I remember a guy a few years ago, that had a B12 wagon who had Hotshot modify one to fit his car. I doubt they made a jig of it, but it may not hurt to give them a call on it.
John


----------



## Mervic (May 1, 2002)

Thanks for the replies...


----------



## sentrastud (May 3, 2002)

D-G racing made one for a B12 guy who lives in Edmonton. Try them:

dg-racing.com

if your gonna go with hotshot, see if it would be cheaper to make 2 and maybe ill double order with you.


-Nick


----------



## omnimedia (Feb 4, 2004)

if you installed b13 header on you b12 and it worked post it

http://www.nissanforums.com/showthread.php?t=68121

compatable b13 b12 parts list


----------



## Crazy-Mart (Jul 14, 2002)

it is doable, and as been done .. im sure if you search a bit youll find someone that did it ... there is a few mods that need to be done to it to make it perfect but it as been done  (very olllllld thread here)


----------



## Mervic (May 1, 2002)

I've installed my B13 Pacesetter Header more than a year ago and it is doing alright.

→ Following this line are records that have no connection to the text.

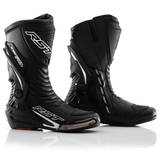 RST TracTech Evo III CE Black Boots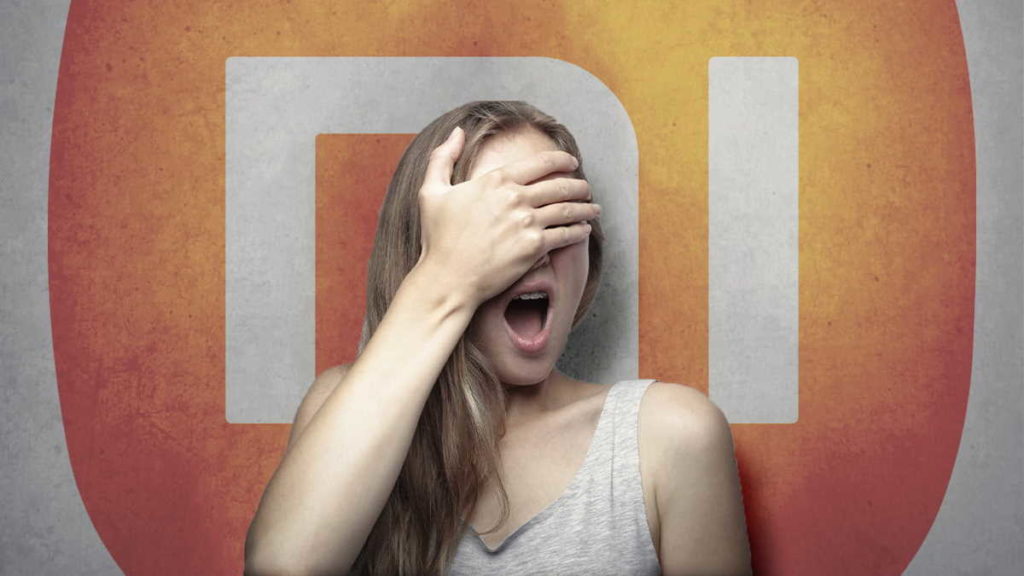 Quer abandonar o iOS mas manter o iPhone? Já pode usar a MIUI no smartphone da Apple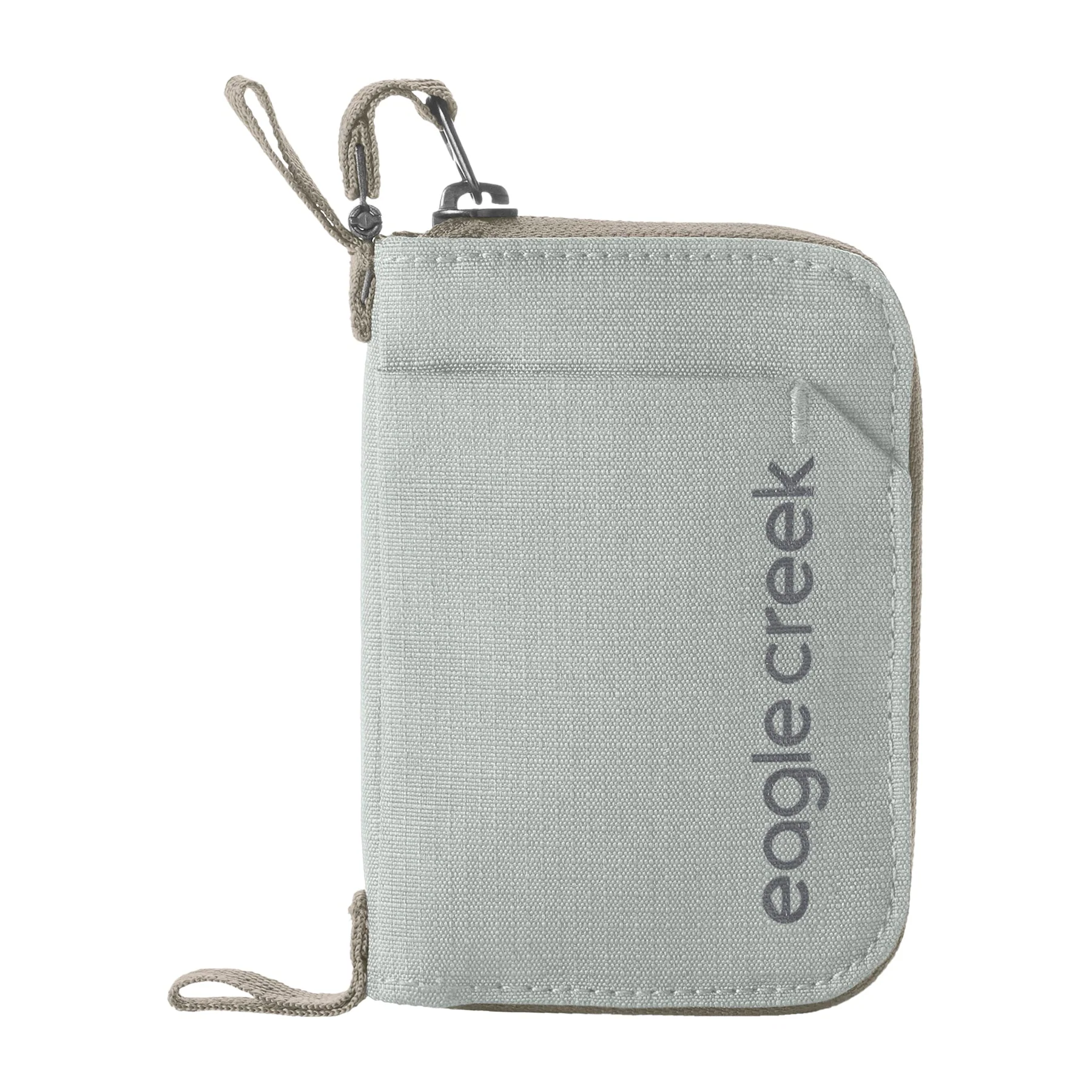Stash RFID Wallet - Image 22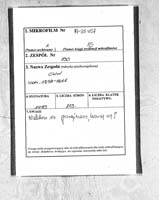 PL_1_190_1470_9999-metryczka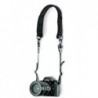 Manfrotto PL curea aparat foto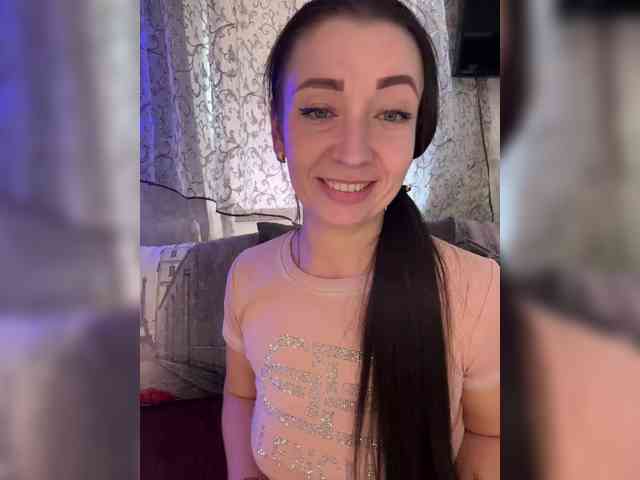 AureliyXXX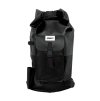 3147 1 jobe dry bag black pro paddleboard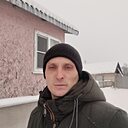 Евгений, 35 лет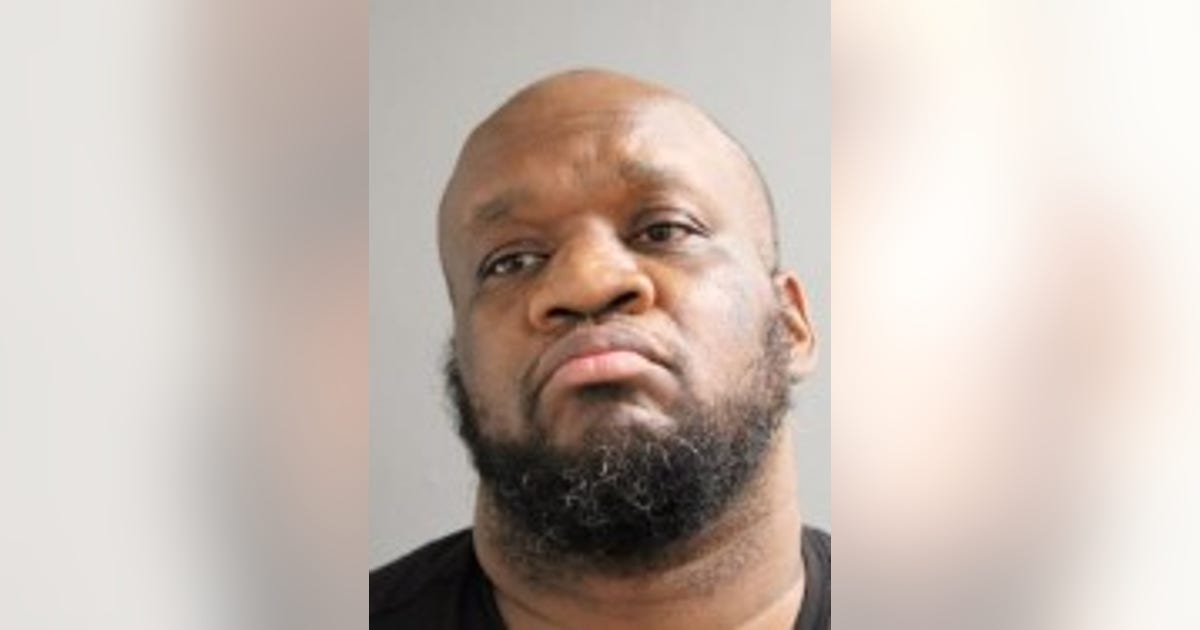 Chicago man arrested in June shooting that left 1 critically hurt ...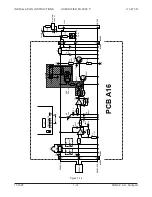 Preview for 16 page of Kodak 7192636 Installation Instructions Manual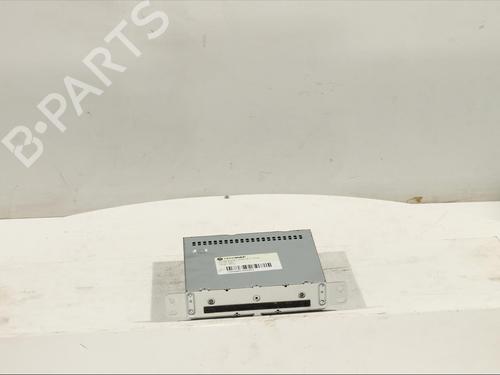 Used Electronic module Electronic module PEUGEOT 308 SW II (LC_, LJ_, LR_, LX_, L4_) 1.2 THP 130 (131 hp) 11982237 11982237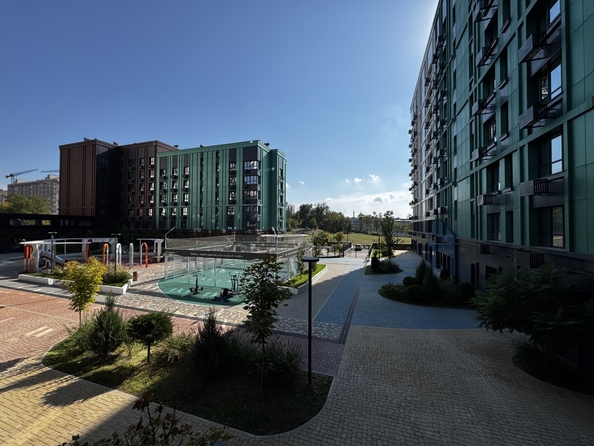 
  Продается 2-комн. квартира 61 м². Фото 2.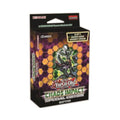 Yugioh - Chaos Impact Special Edition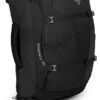 Osprey Fairview Rugzak 40 Liter - Zwart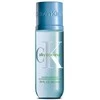 Calvin Klein Sheer Peach BOR U, 236 ml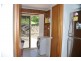 1914 Yakapari-seaforth Rd, Seaforth QLD 4741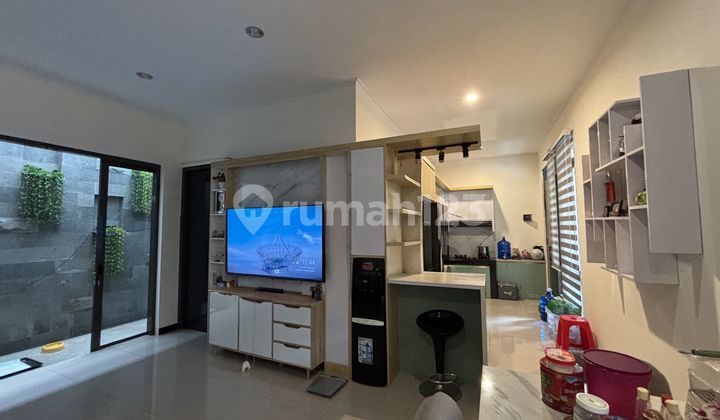 Affordable Luxury Beautiful House 2 Floors SHM at Tki V-Gardenville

Yeah it did made power especially with exhaust and intake combination. A Hotshot header should make even more since it is the best header made for the GA16DE. Forgot to mention that I have a GA16i not GA16DE, but it fit. You will need to modify the EGR pipe (extend it) and install a second bung for the AIV. I did not install the AIV. It did not make any difference or any problem at all. There a few more members who has a GA16DE header on their B12 GA16i.


----------



## GetsomeGOJO (Apr 4, 2004)

Me too! It was a pretty easy thing as well. The HotShot header mated to the block fine but the crossmember btw the front bumper and the back of the engine bay needed a little (read, hammering a flange flat) modification. I also noticed improved gas milage, but maybe it had to do with needing to gun it less to get on and off the highway...


----------